Saturday, June 23, 2018

Protect the hands that Heal...Honor your Doctor.


Disclaimer: A work of fiction or based on true events, I will leave it for the reader to decide.

Scenario – A 70 plus elderly gentleman is brought to the Accident & Emergency Department of a hospital in an unconscious, unresponsive state with no recordable pulse, blood pressure and spontaneous respiration, by an auto rickshaw driver.

No identity of the patient known, No past medical and surgical history available, no mobile phone available (to contact family), no wallet or identity card with the patient.

History - Patient was driving somewhere (alone), felt uncomfortable, stopped his car by the roadside to ask for help, collapsed on stepping out of the car, 3-4 by standers rushed to help, an auto rickshaw driver stopped and volunteered to take the patient to the hospital, none of the bystanders accompanied the patient, patient is drowsy in the auto but manages to tell auto driver to rush patient to the emergency department, becomes unresponsive en route to hospital.

Once the patient reaches the emergency department, the entire team of doctors and nurses sprung into action and all life saving measures were initiated. CPR is started immediately, all life saving drugs were given as per ACLS protocol, patients was intubated, but no ROSC (return of spontaneous circulation) was achieved even after 30 minutes of intense efforts. Code was called off and patient was declared dead on arrival.

A pouch is later found in the patient’s belongings with a pass books and few thousand rupees which he probably would have withdrawn from a bank. On the passbook is a landline number through which the doctor is able to contact his old wife (after multiple attempts of getting in touch), takes the number of his son who was in office from her, calls him too and asks them both to rush to the emergency department. No update regarding the patient’s condition is given to the family members on the phone.

Medico-legal case formalities were initiated and since the cause of death was not known, the police was informed.

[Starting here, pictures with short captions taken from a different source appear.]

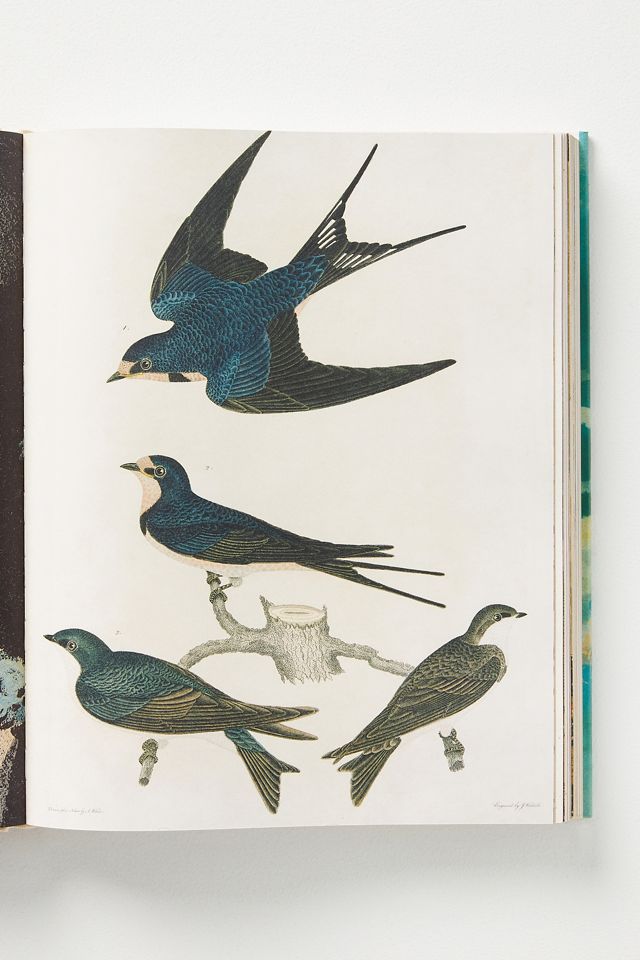 John Derian Picture Book #1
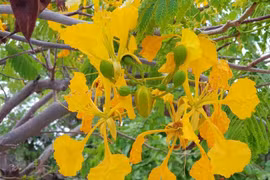 Cây phượng ra hoa vàng ở Sóc Trăng thu hút khách tới chụp ảnh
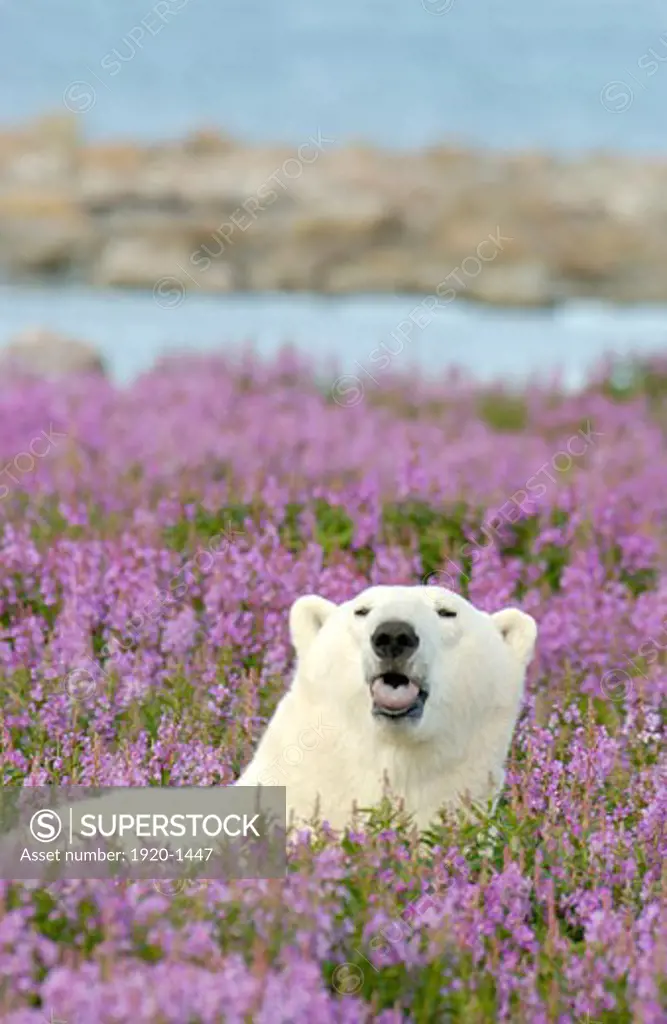 Polar Bear ursus maritimus relaxing and sticking out tongue in Fireweed Epilobium angustifolium on sub-arctic flower covered island at Hubbart Point Hudson Bay near Churchill Manitoba Northern Canada Humor pose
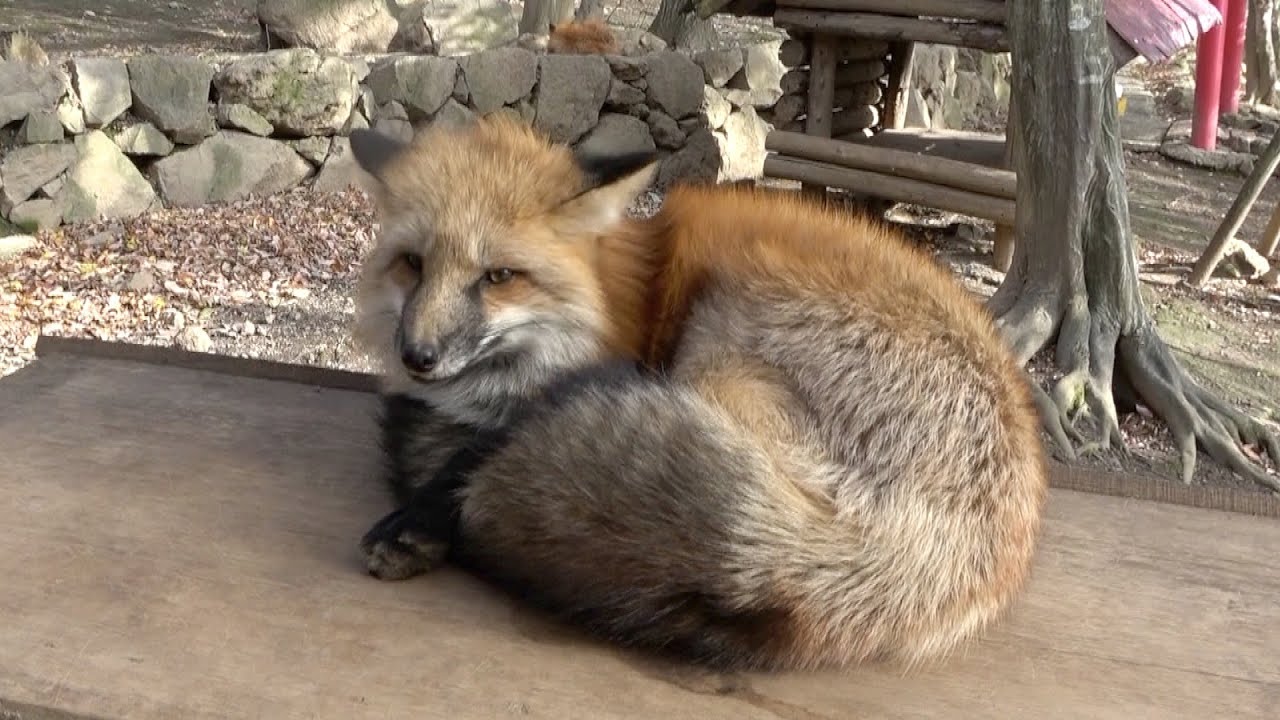 If you try to touch a fox, there is a 100% chance you will be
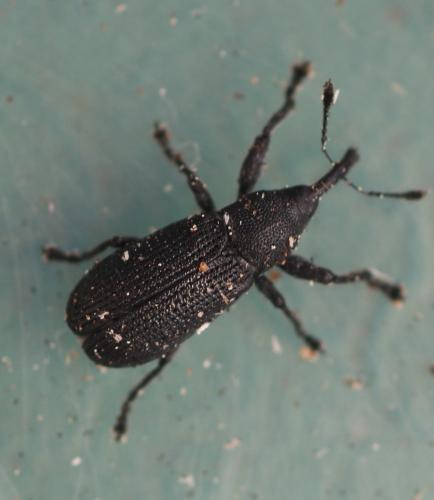 Réf. 302 235 : Magdalis memnonia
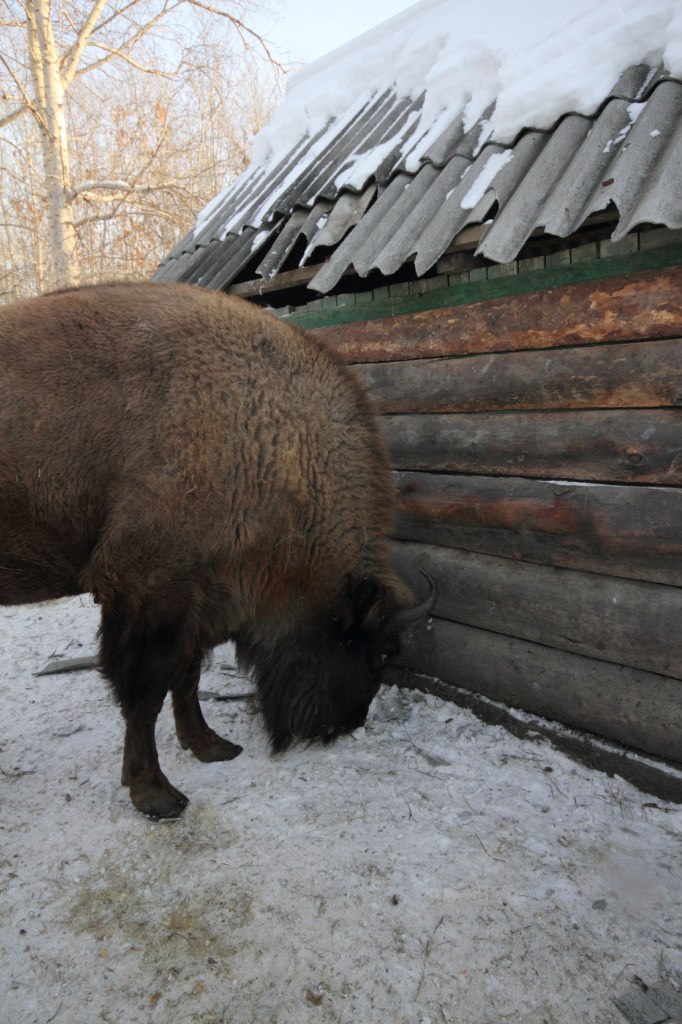 Виктор Курагин | Омск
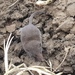 Lesser Dwarf Shrew - Photo (c) pistolpete, some rights reserved (CC BY-NC), uploaded by pistolpete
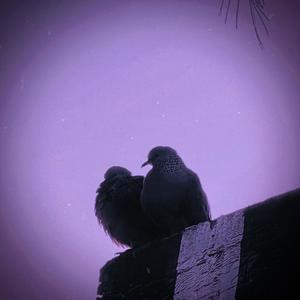 LOVESPHERE (feat. JBrown)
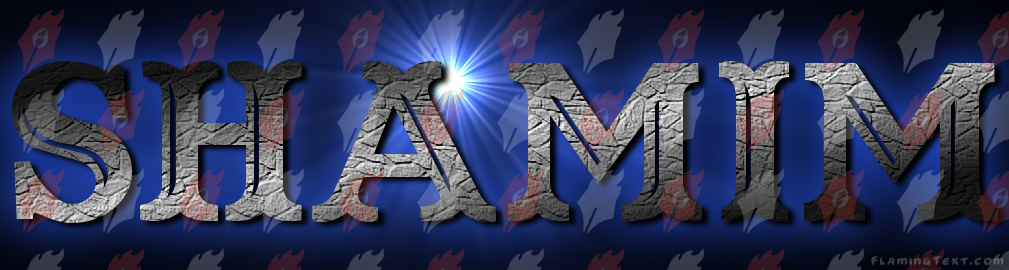 Shamim logo. Free logo maker.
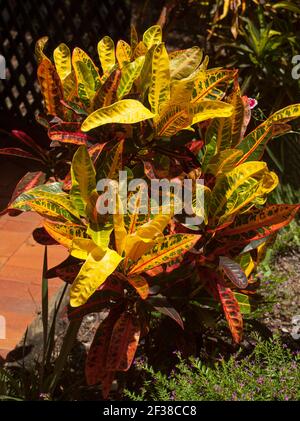 Croton, Codiaeum variegatum, an evergreen shrub with colourful red, yellow and green variegated foliage Stock Photo
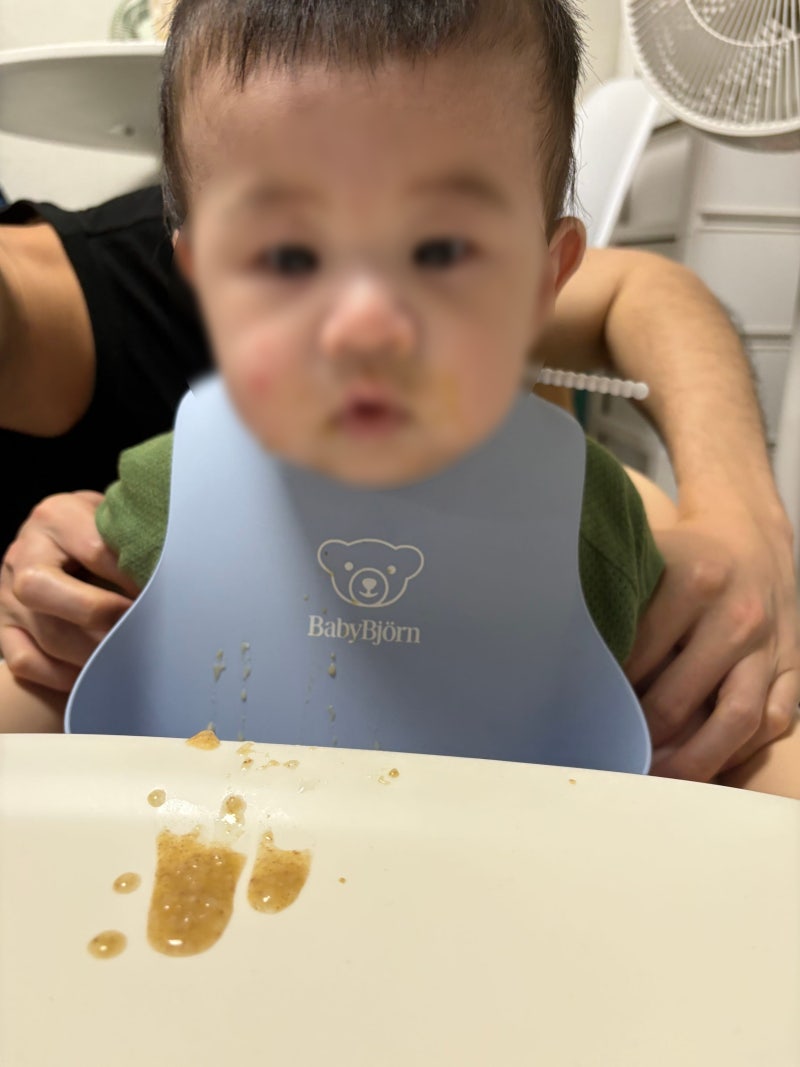 7개월 8개월 9개월 10개월 11개월 돌아기 이유식 거부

Anything wrong or atypical in this scenario? I’m sure many doctors would have come across such events at some point in their career.

Shockers (after the family was told of the turn of events and that the patient was dead):

1) The doctor is questioned by the son that why does he have to pay the bill if the patient was declared ‘dead on arrival’ and if the hospital was not issuing the death certificate.

2) The doctor is threatened by the son, “What if I refuse to pay the bill?”

3) The auto rickshaw driver is questioned that the patient’s phone was missing.

My questions to the readers and the society in general:

1. Why is there so much mistrust against the medical fraternity? Why can’t people think that doctors and nurses try to do their best to save someone’s life, they too are humans, and have emotions, and that it takes much more than courage to see life and death everyday!!

2. Should the doctors and the nurses not even try saving an unaccompanied patient’s life brought to the emergency and directly taken a flat line ECG instead?

3. Why should a hospital write off the entire bill of an affording patient for providing life or limb saving emergency services, when the treatment was initiated without caring for the patient’s ability to pay or not and there was no deficiency of services?

4. Would the son have reacted the same way and questioned the efforts put by the medical team, had the father miraculously survived and managed to reach the ICU even with a guarded prognosis?

5. If educated & English speaking people can indirectly threaten the doctor of putting false allegations that the body of the deceased is forcefully being kept by the hospital for non-payment of dues, what can the medical fraternity expect from the lower socioeconomic people?

6. If an uneducated auto rickshaw driver can offer to help (without caring about any legal hassles), why can’t other bystanders and onlookers come forward?

Conclusion - After 4 hours, the bill was finally cleared by the son who showed no remorse for his actions of questioning the credibility of the doctor and the medical team.

The phone was left by the patient at home, later discovered by the wife.

I really wonder what will change the perception of the society in general that all doctors are heartless cheats, and a hospital is only a money making business enterprise. The future of healthcare and humanity surely doesn’t seem bright!!

1 comment:

Dr. Abha Agrawal said...

Great story telling by Dr. Mohit. The scenario, I would think, is all too common and unfortunate. You have raised difficult but extremely important questions.